(Caption-style text data)
******

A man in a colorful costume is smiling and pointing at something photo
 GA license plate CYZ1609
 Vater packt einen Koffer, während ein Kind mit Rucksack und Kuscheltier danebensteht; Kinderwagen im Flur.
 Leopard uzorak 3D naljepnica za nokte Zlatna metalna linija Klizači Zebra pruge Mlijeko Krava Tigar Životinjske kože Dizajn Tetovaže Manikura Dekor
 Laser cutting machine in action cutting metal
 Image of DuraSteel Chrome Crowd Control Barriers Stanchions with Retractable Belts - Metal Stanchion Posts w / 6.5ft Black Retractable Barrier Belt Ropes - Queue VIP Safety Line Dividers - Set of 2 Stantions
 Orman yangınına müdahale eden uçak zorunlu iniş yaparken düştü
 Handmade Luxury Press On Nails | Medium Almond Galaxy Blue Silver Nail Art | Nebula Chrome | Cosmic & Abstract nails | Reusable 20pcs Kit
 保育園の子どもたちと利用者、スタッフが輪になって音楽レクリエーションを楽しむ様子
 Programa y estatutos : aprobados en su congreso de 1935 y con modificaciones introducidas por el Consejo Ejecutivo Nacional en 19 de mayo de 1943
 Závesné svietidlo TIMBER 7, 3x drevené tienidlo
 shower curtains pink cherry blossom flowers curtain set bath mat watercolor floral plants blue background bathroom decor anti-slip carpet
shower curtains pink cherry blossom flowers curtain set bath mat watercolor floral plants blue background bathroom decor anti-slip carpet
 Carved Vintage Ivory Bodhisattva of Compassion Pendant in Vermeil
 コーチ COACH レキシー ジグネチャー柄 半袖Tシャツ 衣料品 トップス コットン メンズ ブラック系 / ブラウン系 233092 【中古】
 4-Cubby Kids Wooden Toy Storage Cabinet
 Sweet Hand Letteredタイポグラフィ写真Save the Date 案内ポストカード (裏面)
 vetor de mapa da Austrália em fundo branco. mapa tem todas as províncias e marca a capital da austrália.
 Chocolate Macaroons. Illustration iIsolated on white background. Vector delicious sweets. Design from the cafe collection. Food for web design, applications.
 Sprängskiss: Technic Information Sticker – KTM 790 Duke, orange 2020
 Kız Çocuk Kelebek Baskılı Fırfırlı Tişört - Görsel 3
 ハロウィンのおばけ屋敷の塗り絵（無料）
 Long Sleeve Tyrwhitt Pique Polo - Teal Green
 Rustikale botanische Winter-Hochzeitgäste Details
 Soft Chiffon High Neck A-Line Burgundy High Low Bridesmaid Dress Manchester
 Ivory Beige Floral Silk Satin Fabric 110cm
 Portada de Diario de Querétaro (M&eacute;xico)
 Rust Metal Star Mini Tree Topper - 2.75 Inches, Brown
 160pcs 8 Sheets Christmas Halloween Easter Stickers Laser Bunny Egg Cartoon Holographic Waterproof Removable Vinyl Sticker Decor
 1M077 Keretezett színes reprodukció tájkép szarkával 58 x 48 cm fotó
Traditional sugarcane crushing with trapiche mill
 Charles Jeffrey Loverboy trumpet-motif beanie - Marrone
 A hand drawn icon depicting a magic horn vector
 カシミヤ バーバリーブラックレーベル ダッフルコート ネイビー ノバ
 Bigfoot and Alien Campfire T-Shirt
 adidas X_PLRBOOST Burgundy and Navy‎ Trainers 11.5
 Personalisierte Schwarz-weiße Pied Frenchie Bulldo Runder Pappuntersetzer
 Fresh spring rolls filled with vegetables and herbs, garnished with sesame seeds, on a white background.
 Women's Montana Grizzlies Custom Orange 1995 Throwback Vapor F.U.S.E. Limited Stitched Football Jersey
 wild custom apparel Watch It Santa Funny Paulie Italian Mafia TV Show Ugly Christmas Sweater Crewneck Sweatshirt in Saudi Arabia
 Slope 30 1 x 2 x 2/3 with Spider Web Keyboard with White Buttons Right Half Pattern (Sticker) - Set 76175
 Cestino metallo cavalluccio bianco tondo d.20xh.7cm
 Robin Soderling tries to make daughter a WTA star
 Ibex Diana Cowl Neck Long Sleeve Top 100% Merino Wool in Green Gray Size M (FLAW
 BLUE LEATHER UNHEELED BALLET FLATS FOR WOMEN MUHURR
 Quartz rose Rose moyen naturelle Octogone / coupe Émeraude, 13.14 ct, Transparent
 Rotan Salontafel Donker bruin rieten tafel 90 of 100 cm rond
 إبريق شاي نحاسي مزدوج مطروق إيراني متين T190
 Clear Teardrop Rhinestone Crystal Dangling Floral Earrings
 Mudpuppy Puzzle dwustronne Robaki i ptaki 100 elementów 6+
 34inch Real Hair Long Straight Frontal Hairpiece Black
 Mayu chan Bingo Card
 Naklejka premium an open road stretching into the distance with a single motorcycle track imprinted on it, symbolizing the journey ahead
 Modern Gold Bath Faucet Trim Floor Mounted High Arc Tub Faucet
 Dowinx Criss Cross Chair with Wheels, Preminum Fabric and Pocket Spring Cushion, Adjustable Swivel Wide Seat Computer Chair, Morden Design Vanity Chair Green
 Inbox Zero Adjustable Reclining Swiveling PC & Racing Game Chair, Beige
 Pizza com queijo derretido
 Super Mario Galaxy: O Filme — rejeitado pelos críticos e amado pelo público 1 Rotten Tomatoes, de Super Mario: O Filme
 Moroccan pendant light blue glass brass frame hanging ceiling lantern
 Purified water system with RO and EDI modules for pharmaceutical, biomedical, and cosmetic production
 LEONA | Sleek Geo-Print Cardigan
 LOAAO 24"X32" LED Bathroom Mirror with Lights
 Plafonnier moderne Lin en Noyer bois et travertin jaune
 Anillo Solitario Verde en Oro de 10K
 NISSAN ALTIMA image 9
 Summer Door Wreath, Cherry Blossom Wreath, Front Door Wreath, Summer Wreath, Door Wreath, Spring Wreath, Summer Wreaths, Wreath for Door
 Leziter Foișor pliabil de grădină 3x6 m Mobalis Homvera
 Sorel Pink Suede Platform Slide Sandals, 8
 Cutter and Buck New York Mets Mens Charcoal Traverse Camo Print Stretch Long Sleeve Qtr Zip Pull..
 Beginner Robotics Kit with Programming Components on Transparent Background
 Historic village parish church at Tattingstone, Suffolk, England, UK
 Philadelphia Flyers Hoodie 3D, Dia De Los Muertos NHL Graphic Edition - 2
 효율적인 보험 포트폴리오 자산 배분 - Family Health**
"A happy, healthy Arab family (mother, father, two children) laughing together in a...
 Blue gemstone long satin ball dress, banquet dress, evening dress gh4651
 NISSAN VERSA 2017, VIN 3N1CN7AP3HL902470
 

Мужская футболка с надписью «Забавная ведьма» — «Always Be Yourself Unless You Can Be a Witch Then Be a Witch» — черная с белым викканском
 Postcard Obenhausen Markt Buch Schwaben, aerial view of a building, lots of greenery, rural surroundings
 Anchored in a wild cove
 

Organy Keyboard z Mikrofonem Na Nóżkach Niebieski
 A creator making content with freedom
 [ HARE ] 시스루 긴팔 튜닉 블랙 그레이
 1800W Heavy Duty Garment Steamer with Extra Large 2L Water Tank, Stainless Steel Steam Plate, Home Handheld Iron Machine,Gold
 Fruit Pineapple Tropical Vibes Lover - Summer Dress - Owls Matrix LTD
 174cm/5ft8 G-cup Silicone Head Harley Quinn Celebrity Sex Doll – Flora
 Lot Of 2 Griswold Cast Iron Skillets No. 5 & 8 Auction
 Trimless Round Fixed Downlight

******

▸ What you need to do:
When a line above includes the word "Beige", please list that line.

▸ Solved exercise:
 Ivory Beige Floral Silk Satin Fabric 110cm
 Inbox Zero Adjustable Reclining Swiveling PC & Racing Game Chair, Beige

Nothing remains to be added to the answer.